Directions →
Copy out all of the data below exactly, so that no word differs from the original.

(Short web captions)
------------------------------

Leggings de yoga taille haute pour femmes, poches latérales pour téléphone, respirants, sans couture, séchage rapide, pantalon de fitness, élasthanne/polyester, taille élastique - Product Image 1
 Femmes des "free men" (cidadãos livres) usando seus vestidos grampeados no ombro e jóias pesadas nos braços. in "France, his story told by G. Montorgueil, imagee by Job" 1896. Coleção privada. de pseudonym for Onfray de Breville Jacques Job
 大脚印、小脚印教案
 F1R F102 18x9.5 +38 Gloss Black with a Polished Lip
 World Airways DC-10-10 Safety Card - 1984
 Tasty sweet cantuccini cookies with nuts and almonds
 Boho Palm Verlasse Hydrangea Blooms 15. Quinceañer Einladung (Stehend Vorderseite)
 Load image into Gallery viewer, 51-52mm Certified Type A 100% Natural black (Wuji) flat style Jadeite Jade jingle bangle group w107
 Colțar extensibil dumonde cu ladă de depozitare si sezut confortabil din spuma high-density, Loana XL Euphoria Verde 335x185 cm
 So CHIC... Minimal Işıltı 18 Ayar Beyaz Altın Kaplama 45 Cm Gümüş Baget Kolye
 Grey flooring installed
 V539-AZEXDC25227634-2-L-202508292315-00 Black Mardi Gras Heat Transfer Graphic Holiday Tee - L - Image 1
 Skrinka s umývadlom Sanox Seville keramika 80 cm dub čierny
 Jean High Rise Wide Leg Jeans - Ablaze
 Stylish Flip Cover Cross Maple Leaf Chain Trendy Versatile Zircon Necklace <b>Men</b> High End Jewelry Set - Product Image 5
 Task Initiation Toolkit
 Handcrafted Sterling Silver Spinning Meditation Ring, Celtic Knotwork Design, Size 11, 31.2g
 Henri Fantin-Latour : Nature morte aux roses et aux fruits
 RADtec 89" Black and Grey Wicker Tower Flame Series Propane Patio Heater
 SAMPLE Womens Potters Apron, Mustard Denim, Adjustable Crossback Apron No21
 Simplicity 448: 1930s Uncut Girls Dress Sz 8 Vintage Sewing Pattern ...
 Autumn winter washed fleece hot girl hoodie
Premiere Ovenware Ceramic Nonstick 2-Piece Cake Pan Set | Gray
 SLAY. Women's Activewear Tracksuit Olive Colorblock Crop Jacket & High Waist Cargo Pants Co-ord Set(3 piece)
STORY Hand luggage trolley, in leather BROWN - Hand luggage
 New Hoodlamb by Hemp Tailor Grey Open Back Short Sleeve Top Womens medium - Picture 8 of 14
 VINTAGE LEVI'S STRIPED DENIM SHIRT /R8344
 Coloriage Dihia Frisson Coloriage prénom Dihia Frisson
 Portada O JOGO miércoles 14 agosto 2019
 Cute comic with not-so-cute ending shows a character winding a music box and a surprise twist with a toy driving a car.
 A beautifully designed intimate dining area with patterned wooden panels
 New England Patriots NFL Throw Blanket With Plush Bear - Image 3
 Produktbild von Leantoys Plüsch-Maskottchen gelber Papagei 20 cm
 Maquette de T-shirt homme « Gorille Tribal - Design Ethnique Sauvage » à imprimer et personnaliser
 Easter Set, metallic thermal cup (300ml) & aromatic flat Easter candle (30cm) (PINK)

------------------------------

Exercise output →
Leggings de yoga taille haute pour femmes, poches latérales pour téléphone, respirants, sans couture, séchage rapide, pantalon de fitness, élasthanne/polyester, taille élastique - Product Image 1
 Femmes des "free men" (cidadãos livres) usando seus vestidos grampeados no ombro e jóias pesadas nos braços. in "France, his story told by G. Montorgueil, imagee by Job" 1896. Coleção privada. de pseudonym for Onfray de Breville Jacques Job
 大脚印、小脚印教案
 F1R F102 18x9.5 +38 Gloss Black with a Polished Lip
 World Airways DC-10-10 Safety Card - 1984
 Tasty sweet cantuccini cookies with nuts and almonds
 Boho Palm Verlasse Hydrangea Blooms 15. Quinceañer Einladung (Stehend Vorderseite)
 Load image into Gallery viewer, 51-52mm Certified Type A 100% Natural black (Wuji) flat style Jadeite Jade jingle bangle group w107
 Colțar extensibil dumonde cu ladă de depozitare si sezut confortabil din spuma high-density, Loana XL Euphoria Verde 335x185 cm
 So CHIC... Minimal Işıltı 18 Ayar Beyaz Altın Kaplama 45 Cm Gümüş Baget Kolye
 Grey flooring installed
 V539-AZEXDC25227634-2-L-202508292315-00 Black Mardi Gras Heat Transfer Graphic Holiday Tee - L - Image 1
 Skrinka s umývadlom Sanox Seville keramika 80 cm dub čierny
 Jean High Rise Wide Leg Jeans - Ablaze
 Stylish Flip Cover Cross Maple Leaf Chain Trendy Versatile Zircon Necklace <b>Men</b> High End Jewelry Set - Product Image 5
 Task Initiation Toolkit
 Handcrafted Sterling Silver Spinning Meditation Ring, Celtic Knotwork Design, Size 11, 31.2g
 Henri Fantin-Latour : Nature morte aux roses et aux fruits
 RADtec 89" Black and Grey Wicker Tower Flame Series Propane Patio Heater
 SAMPLE Womens Potters Apron, Mustard Denim, Adjustable Crossback Apron No21
 Simplicity 448: 1930s Uncut Girls Dress Sz 8 Vintage Sewing Pattern ...
 Autumn winter washed fleece hot girl hoodie
Premiere Ovenware Ceramic Nonstick 2-Piece Cake Pan Set | Gray
 SLAY. Women's Activewear Tracksuit Olive Colorblock Crop Jacket & High Waist Cargo Pants Co-ord Set(3 piece)
STORY Hand luggage trolley, in leather BROWN - Hand luggage
 New Hoodlamb by Hemp Tailor Grey Open Back Short Sleeve Top Womens medium - Picture 8 of 14
 VINTAGE LEVI'S STRIPED DENIM SHIRT /R8344
 Coloriage Dihia Frisson Coloriage prénom Dihia Frisson
 Portada O JOGO miércoles 14 agosto 2019
 Cute comic with not-so-cute ending shows a character winding a music box and a surprise twist with a toy driving a car.
 A beautifully designed intimate dining area with patterned wooden panels
 New England Patriots NFL Throw Blanket With Plush Bear - Image 3
 Produktbild von Leantoys Plüsch-Maskottchen gelber Papagei 20 cm
 Maquette de T-shirt homme « Gorille Tribal - Design Ethnique Sauvage » à imprimer et personnaliser
 Easter Set, metallic thermal cup (300ml) & aromatic flat Easter candle (30cm) (PINK)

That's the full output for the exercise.